=== Recorded data ===
━━━━━━━━━━━━━━━━━━━━

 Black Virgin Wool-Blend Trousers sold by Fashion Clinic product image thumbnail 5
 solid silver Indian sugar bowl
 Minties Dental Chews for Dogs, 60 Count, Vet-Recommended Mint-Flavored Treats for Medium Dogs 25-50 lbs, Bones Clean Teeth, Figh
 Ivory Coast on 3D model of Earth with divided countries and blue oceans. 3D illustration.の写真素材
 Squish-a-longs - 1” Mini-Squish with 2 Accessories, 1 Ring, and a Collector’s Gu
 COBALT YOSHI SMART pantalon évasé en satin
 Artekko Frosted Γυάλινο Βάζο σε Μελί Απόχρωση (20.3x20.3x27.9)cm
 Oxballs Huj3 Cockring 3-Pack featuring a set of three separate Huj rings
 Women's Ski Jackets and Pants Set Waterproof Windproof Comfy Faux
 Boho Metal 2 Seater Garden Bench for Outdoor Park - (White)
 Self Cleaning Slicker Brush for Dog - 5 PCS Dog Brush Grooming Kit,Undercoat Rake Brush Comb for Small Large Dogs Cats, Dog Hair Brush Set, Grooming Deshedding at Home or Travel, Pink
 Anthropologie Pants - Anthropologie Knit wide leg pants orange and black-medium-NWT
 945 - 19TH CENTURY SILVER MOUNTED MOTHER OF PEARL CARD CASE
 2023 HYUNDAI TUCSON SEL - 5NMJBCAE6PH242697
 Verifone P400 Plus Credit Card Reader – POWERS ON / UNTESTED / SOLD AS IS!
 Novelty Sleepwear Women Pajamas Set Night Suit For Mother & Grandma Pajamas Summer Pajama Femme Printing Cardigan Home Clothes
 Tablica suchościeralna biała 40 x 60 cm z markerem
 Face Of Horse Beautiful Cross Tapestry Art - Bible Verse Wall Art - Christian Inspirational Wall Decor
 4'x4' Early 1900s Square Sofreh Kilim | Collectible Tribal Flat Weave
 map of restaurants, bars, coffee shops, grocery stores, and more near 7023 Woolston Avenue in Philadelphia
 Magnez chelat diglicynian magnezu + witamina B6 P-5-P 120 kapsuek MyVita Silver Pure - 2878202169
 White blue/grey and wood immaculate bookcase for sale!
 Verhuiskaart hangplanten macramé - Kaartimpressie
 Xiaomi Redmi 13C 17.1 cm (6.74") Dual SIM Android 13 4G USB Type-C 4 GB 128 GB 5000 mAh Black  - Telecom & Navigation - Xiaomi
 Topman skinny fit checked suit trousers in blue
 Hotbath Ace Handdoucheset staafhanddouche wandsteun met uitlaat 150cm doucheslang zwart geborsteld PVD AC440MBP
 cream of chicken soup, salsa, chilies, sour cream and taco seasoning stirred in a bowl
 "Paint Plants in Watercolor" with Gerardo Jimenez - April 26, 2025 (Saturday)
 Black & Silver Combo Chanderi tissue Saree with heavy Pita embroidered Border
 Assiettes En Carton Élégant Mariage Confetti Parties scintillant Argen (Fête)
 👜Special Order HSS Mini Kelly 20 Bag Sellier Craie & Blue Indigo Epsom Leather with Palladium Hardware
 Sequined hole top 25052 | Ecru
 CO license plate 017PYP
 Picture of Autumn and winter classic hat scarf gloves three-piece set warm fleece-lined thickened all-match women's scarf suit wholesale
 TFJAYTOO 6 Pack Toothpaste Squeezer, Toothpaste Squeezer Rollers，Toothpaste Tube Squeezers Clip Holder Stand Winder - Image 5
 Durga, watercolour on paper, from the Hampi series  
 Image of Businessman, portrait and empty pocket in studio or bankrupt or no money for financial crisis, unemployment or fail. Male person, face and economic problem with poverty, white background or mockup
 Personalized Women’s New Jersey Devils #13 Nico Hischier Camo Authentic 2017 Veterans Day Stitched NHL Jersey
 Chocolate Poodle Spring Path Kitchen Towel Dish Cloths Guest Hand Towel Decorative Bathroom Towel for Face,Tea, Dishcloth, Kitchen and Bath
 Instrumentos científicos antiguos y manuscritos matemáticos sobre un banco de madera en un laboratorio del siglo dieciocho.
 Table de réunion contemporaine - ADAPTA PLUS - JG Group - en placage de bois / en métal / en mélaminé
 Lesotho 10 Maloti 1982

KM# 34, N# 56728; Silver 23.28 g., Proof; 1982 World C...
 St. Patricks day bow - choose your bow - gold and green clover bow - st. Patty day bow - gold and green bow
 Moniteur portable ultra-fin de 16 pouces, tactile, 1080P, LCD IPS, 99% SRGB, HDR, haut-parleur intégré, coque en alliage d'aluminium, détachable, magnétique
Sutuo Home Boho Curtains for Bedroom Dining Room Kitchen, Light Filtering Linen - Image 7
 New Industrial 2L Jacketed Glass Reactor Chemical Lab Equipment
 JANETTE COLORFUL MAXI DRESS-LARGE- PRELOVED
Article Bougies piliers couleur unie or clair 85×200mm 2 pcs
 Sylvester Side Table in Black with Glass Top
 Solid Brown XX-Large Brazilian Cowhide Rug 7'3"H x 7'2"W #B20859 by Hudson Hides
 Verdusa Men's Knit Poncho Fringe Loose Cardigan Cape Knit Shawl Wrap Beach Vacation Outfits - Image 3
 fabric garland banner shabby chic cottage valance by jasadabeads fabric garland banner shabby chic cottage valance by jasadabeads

━━━━━━━━━━━━━━━━━━━━

=== Task requirements ===
Isolate the lines above that contain the word "Boho" and copy them.

=== The completed task ===
 Boho Metal 2 Seater Garden Bench for Outdoor Park - (White)
Sutuo Home Boho Curtains for Bedroom Dining Room Kitchen, Light Filtering Linen - Image 7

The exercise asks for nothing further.